Available data Block Start

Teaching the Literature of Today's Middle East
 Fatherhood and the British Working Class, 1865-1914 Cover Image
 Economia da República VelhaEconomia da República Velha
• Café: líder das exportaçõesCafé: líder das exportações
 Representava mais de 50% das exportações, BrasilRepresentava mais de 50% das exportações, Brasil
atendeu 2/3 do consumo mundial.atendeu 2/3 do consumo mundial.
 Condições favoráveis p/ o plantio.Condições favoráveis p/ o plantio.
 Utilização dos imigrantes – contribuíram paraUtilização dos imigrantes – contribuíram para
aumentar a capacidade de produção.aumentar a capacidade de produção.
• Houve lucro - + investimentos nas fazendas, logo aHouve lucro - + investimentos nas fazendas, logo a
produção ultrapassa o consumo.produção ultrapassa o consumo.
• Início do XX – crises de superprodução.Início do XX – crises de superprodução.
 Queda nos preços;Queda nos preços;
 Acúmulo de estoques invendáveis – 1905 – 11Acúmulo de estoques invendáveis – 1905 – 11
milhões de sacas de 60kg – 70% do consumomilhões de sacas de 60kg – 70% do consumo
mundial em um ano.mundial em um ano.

Available data Block End

§ What to do
Starting at the line that contains "11Acúmulo de estoques invendáveis – 1905 – 11", restate word for word every line through the last one in the records above. Return nothing else.

§ Output for this task
 Acúmulo de estoques invendáveis – 1905 – 11Acúmulo de estoques invendáveis – 1905 – 11
milhões de sacas de 60kg – 70% do consumomilhões de sacas de 60kg – 70% do consumo
mundial em um ano.mundial em um ano.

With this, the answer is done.